◆ ASSIGNMENT ◆
Word for word, print every entry below.

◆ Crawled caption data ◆
┌──
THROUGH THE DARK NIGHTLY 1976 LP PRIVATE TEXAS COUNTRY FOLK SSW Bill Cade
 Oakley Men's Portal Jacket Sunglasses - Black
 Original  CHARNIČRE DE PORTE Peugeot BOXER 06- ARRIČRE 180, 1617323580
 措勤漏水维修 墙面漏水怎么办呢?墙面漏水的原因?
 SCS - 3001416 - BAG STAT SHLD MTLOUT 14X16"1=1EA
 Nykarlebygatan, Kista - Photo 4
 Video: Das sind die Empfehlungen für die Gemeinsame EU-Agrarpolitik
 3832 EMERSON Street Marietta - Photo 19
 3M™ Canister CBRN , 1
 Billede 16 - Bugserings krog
└──
◆ YOUR RESPONSE ◆
THROUGH THE DARK NIGHTLY 1976 LP PRIVATE TEXAS COUNTRY FOLK SSW Bill Cade
 Oakley Men's Portal Jacket Sunglasses - Black
 Original  CHARNIČRE DE PORTE Peugeot BOXER 06- ARRIČRE 180, 1617323580
 措勤漏水维修 墙面漏水怎么办呢?墙面漏水的原因?
 SCS - 3001416 - BAG STAT SHLD MTLOUT 14X16"1=1EA
 Nykarlebygatan, Kista - Photo 4
 Video: Das sind die Empfehlungen für die Gemeinsame EU-Agrarpolitik
 3832 EMERSON Street Marietta - Photo 19
 3M™ Canister CBRN , 1
 Billede 16 - Bugserings krog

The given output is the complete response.